WHAT IS EXPECTED: Go to the line containing "Forest Lake Pwr Recliner/Adj Headrest" in the records below and print it and every following line exactly, on through the line containing "Customizable Made in France Teddy Jacket", then stop.

DATA FOR PROCESSING:
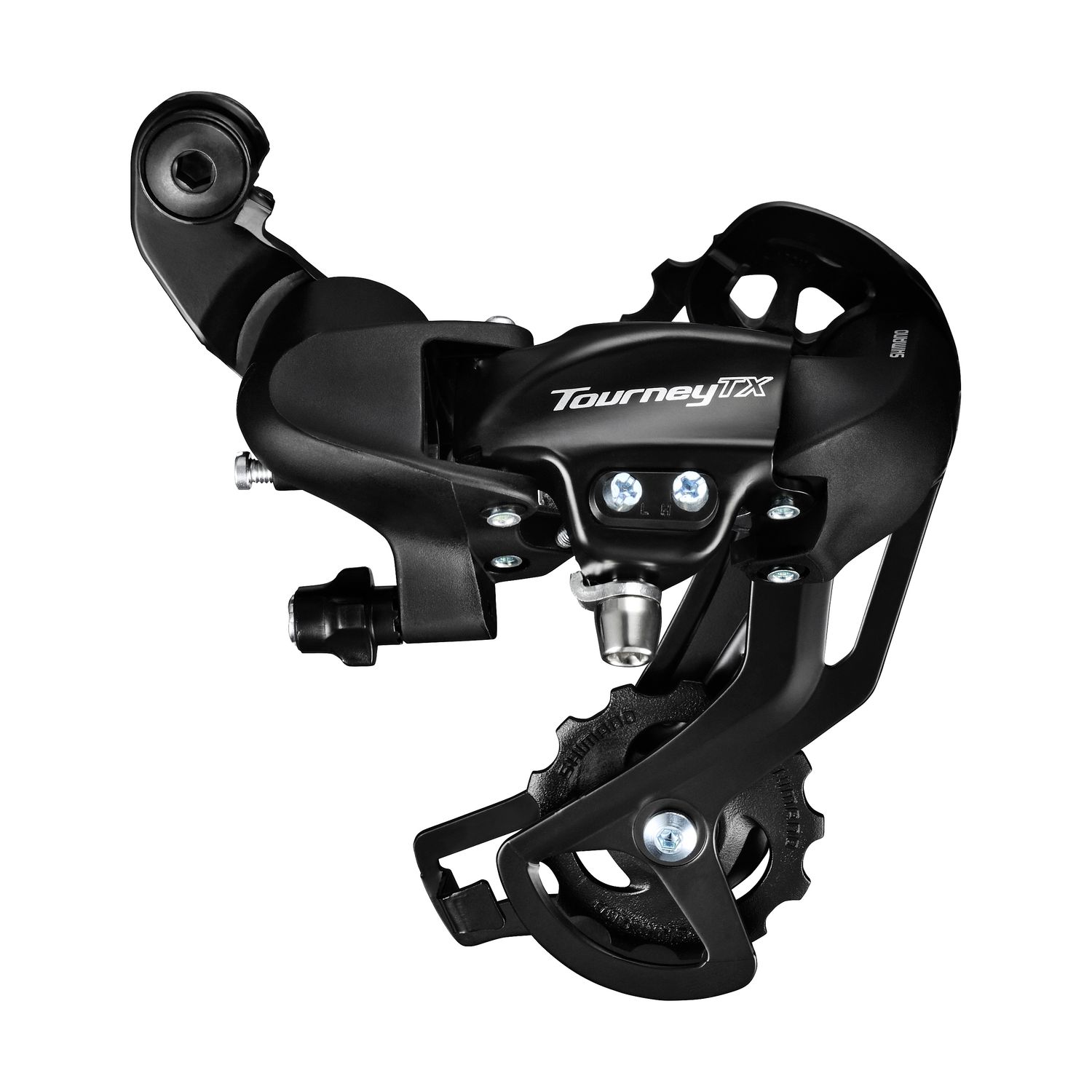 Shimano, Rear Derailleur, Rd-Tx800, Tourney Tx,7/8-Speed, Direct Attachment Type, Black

--

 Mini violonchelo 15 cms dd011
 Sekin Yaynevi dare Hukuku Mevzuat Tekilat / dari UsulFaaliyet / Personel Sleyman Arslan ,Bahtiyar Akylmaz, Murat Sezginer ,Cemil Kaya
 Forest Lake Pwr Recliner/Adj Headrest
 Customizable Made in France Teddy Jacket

THE COMPLETED TASK:
 Forest Lake Pwr Recliner/Adj Headrest
 Customizable Made in France Teddy Jacket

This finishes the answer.